細川政権の樹立自体は、55年体制という「昭和の政治」を終わらせ、日本の政治を大きく前に進める歴史的な出来事だったが、選挙後の永田町政局で政権の帰趨が決まったことは、必ずしも望ましいことではなかった。
また、第5党から首相が出たことは、その後「大政党を率いなくてもキャスティングボートを握り、楽に影響力を持てる」という幻想を政界に与え、その後「第三極」政党が断続的に誕生しては消える政治を生んだ。
「比例代表並立制」の弊害
衆院への小選挙区制導入は、選挙後の政局ではなく、与党と野党第1党が選挙で政権の座を争い、民意を得て勝った党が政権を担う形を目指した。しかし「比例代表並立制」となったことで、衆院に「第三極」政党が存続する余地が残った。

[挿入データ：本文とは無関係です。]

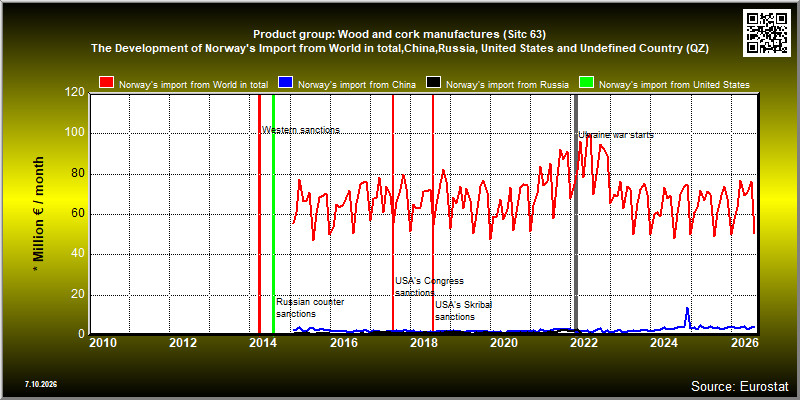 Product group: Wood and cork manufactures (Sitc 63)  The Development of Norway's Import from World in total,China,Russia, United States and Undefined Country (QZ)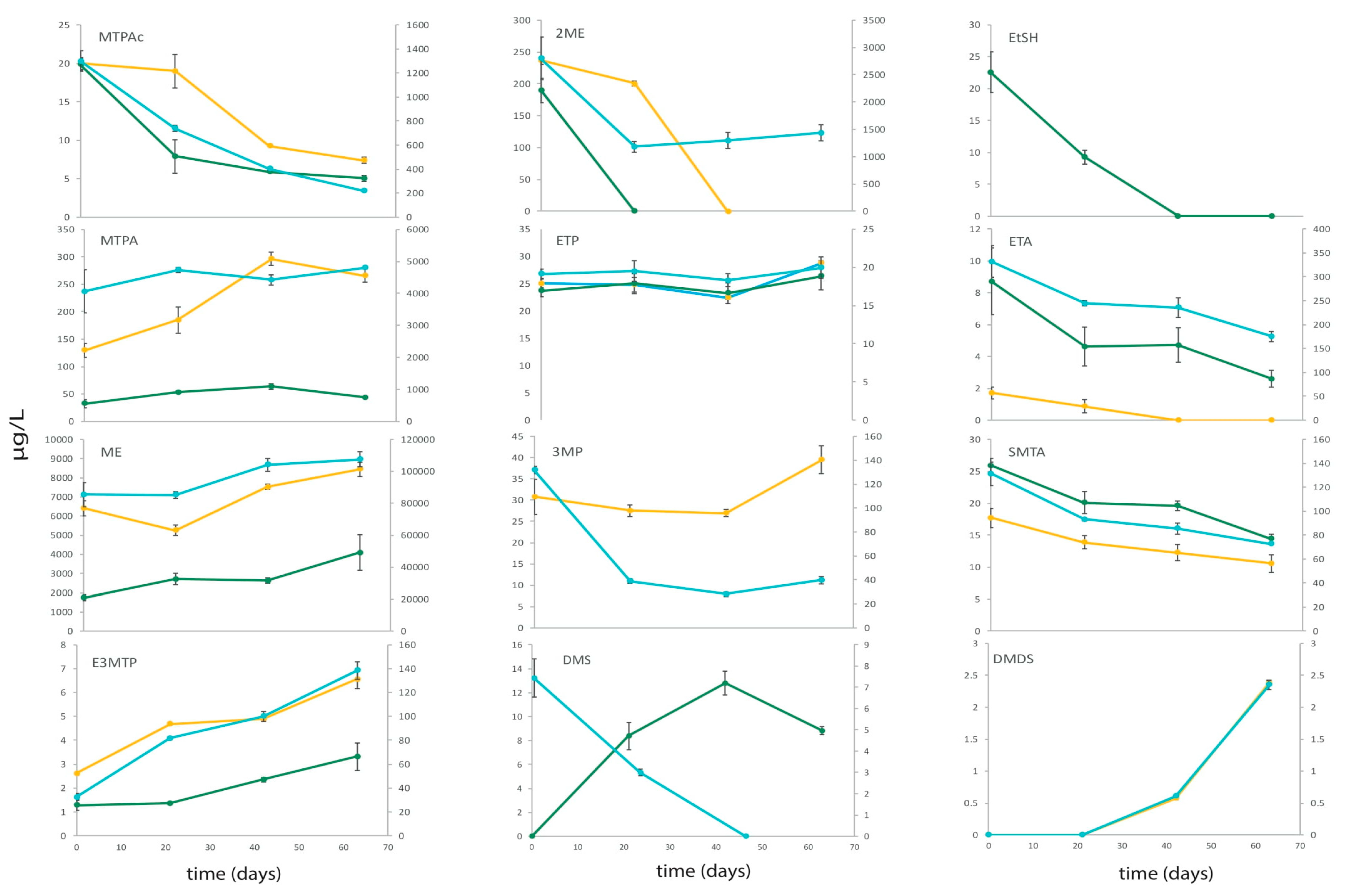 Fermentation 08 00139 g006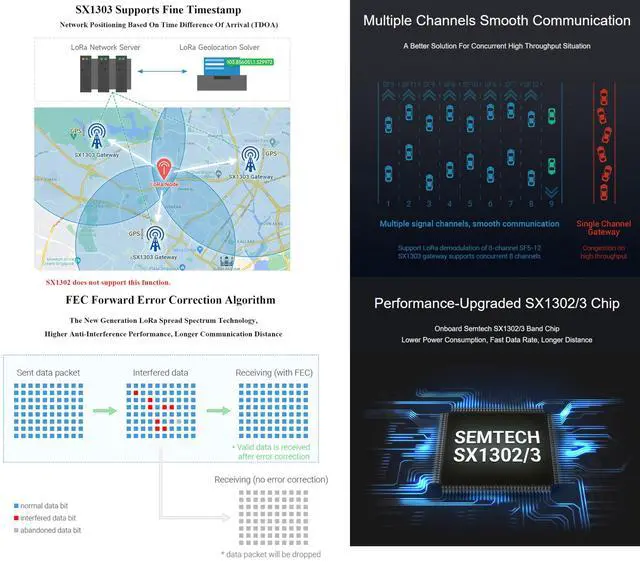 Alt view image 4 of 5 - SX1302 915M LoRaWAN Gateway HAT Compatible with Raspberry Pi 5/4B/3B/Zero/Zero W/Zero 2W/Pico/Pico W/Pico 2, Mini-PCIE Socket, Long Range Transmission, Large Capacity
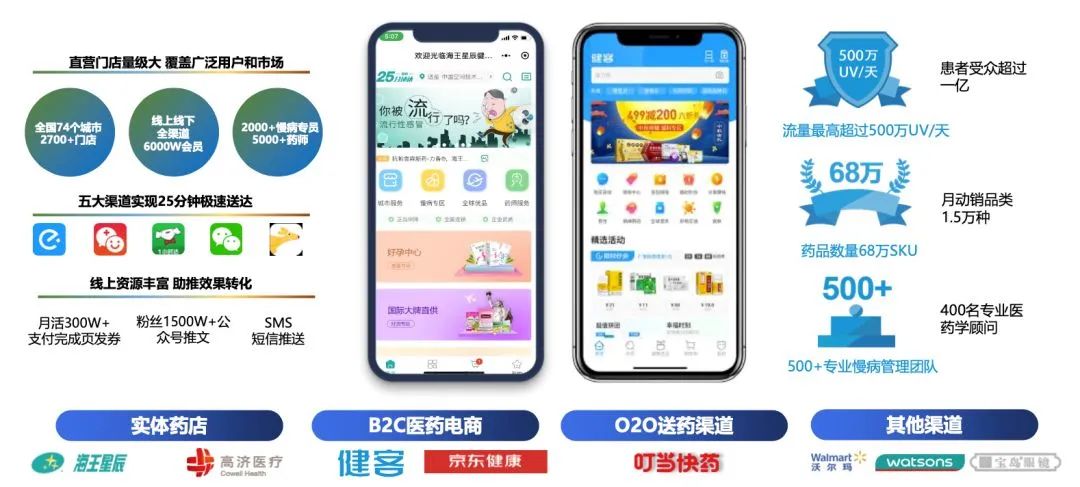 騰訊廣告服務商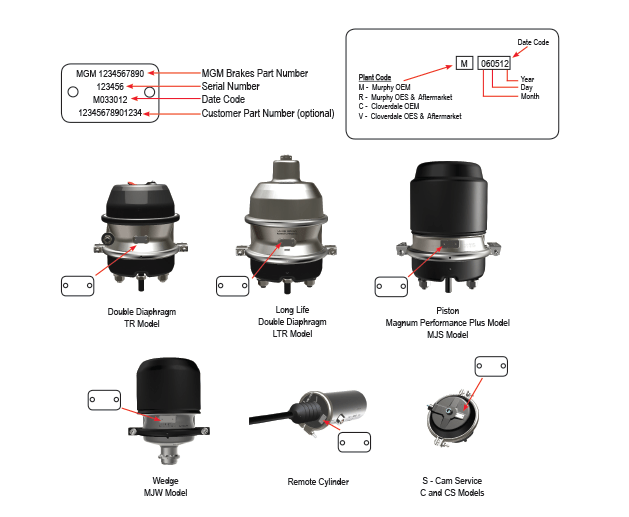 MGM Brakes Warranty Request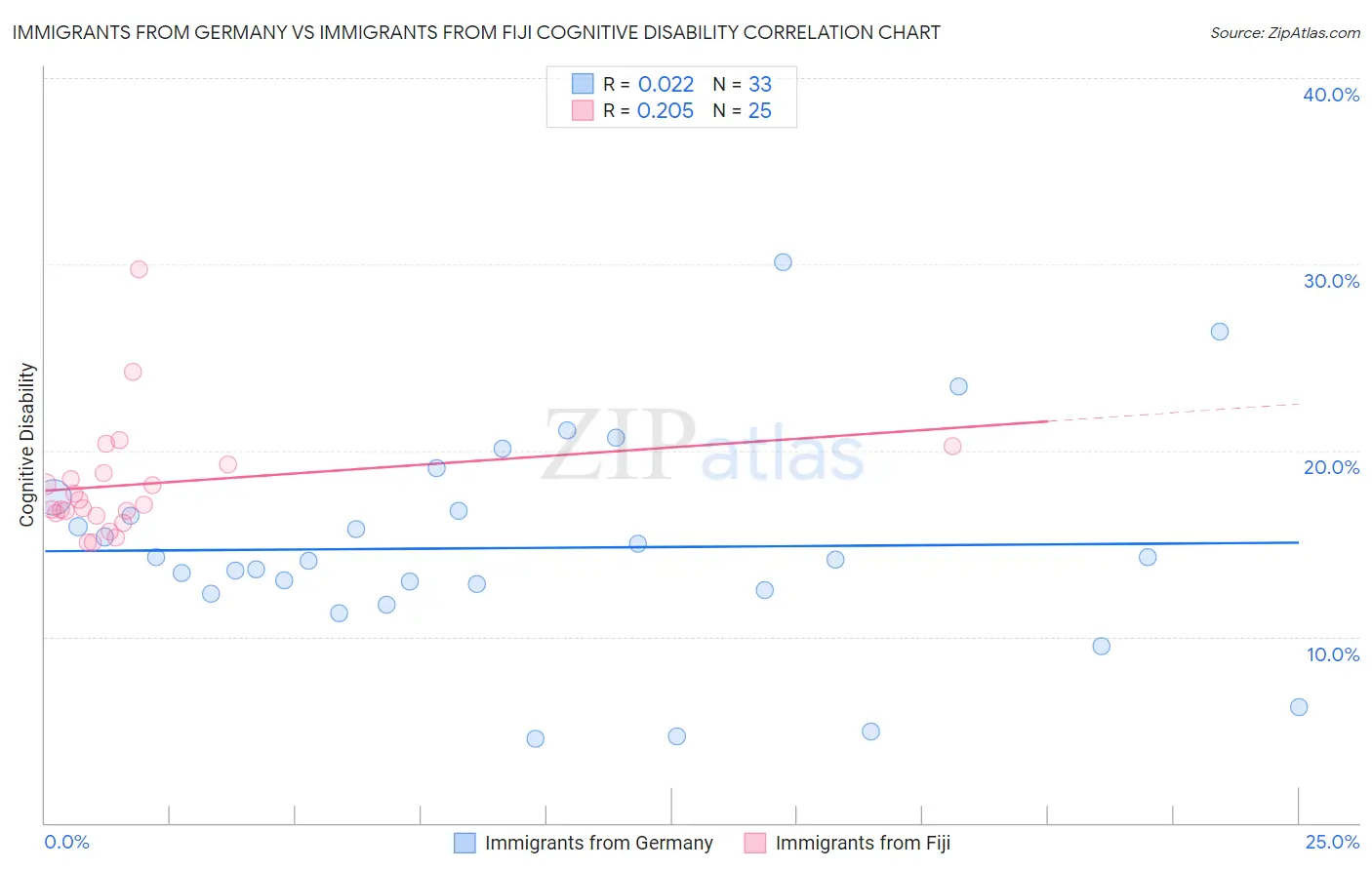 Immigrants from Germany vs Immigrants from Fiji Cognitive Disability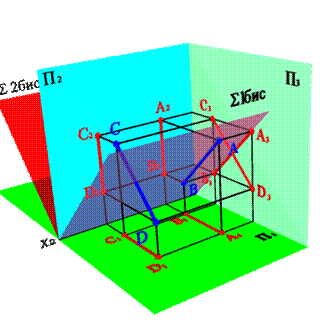 Положение прямой относительно плоскостей проекций. Следы прямой. - student2.ru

比例代表並立制自体は、選挙区で1人しか当選せず死票が非常に多くなる小選挙区制の弱点を補う効果もあり、否定すべきものではない。だが、1993年衆院選のように「与党と野党第1党がともに過半数を得られず、第三極政党がキャスティングボートを握る」ことを排除できない、という制度上の欠点を残すことにもなった。
そして今回の衆院選で、それが現実になったのだ。
しかし、それが「第三極」政党にとって必ずしも好ましいことだとは言えない。冒頭に述べたように、これらの「第三極」政党は結局、与党と野党のどちらかを選択することを迫られ、やがて分裂したり自民党に吸収されたりして衰退していったからだ。自由党、保守党、保守新党、みんなの党……。こうした例は枚挙にいとまがない。